If you’re like most people, you’ve noticed differences in the way your mind works over time. The good news is that understanding the potential threats to brain health can help you make smart choices to strengthen mental alertness.
Threats to brain health
Some health conditions can negatively affect your brain. Heart disease, high blood pressure and diabetes can alter or damage blood vessels throughout your body, including the brain.
Some medications and combinations of drugs, as well as alcohol use, may affect thinking.
Alzheimer’s disease and other types of dementia harm the brain, too. While no one knows how to prevent dementia, many approaches that are good for your health in other ways, like exercise and a healthy diet, are being tested.
Actions that help your brain
• Get regular health screenings.
• Manage diabetes, high blood pressure and high cholesterol.
• Talk with your doctor or pharmacist about the medications you take and any possible side effects.
• Try to maintain a balanced diet of fruits and vegetables, whole grains, lean meats (including fish and poultry), and low-fat or nonfat dairy products. Monitor your intake of solid fat, sugar and salt and eat proper portion sizes.

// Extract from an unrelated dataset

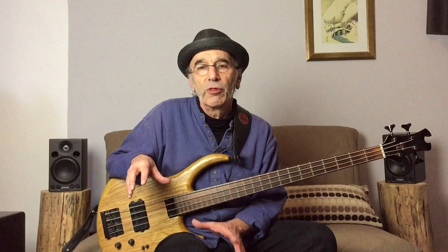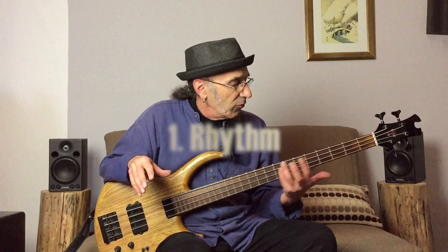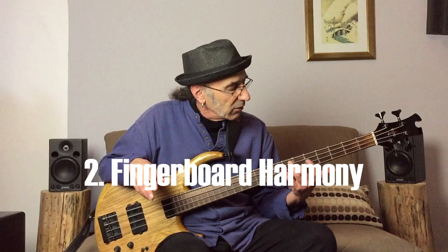I want to talk today about the fundamentals of being a professional bass player. I'm not going to get into specific techniques. I just want to give you fundamental things you must bring with you to the mix and what's expected from you as a bass player. It breaks down to three really simple things. First and foremost, rhythm. Secondly, knowledge of the fretboard — what we call fingerboard harmony — so you can find the notes quickly and create lines that suit you. And thirdly, your own sound and your own voice, so that you can take the combination of these skills and bring your own energy and who you are to the mix, which of course is what people are looking for.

• Drink moderately, if at all, because avoiding alcohol can reverse some negative changes related to brain health.
• Be physically active be cause doing so may improve connections among your brain cells. Older adults should get at least 150 minutes of exercise each week.
• Don’t smoke. Quitting at any age will be beneficial to your mind and body. Nonsmokers have a lower risk of heart attacks, stroke and lung diseases, as well as increased blood circulation.
• Be safe. Older adults are at higher risk of falling and other accidents that can cause brain injury. To reduce your risk, exercise to improve balance and coordination, take a falls prevention class and make your home safer.
• Keep your mind active by doing mentally stimulating activities including reading, playing games, teaching or taking a class, and being social. Volunteer.
• Visit an Area Agency on Aging (AAA). These community-based agencies provide a welcoming environment for older adults and caregivers interested in learning about services from meals, transportation and in-home care to volunteer opportunities and classes to keep them healthy and engaged.